> **RECORDED DATA**:
##########

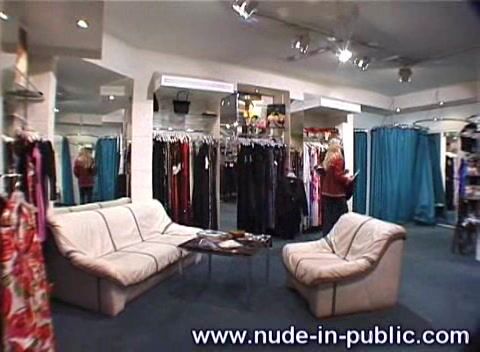 Lenka nude shopping 1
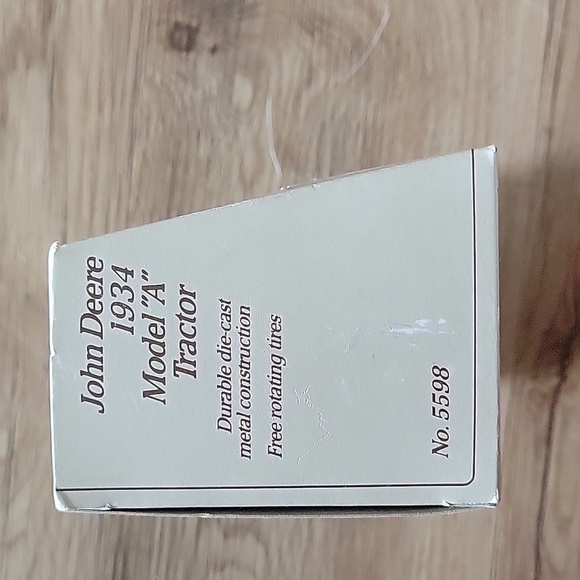 Vintage John Deere 1934 Model A Tractor 1:43 Scale. NIB - Picture 5 of 6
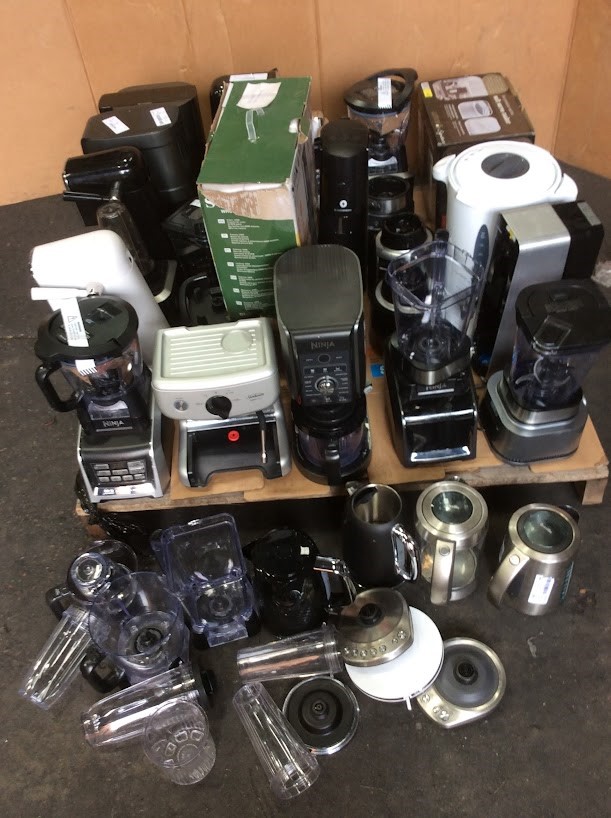 Assorted Appliances & Power Tools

##########

> **TASK TO COMPLETE**:
Write out the material above exactly. Skip the pictures.

> **YOUR RESPONSE**:
 Lenka nude shopping 1
 Vintage John Deere 1934 Model A Tractor 1:43 Scale. NIB - Picture 5 of 6
 Assorted Appliances & Power Tools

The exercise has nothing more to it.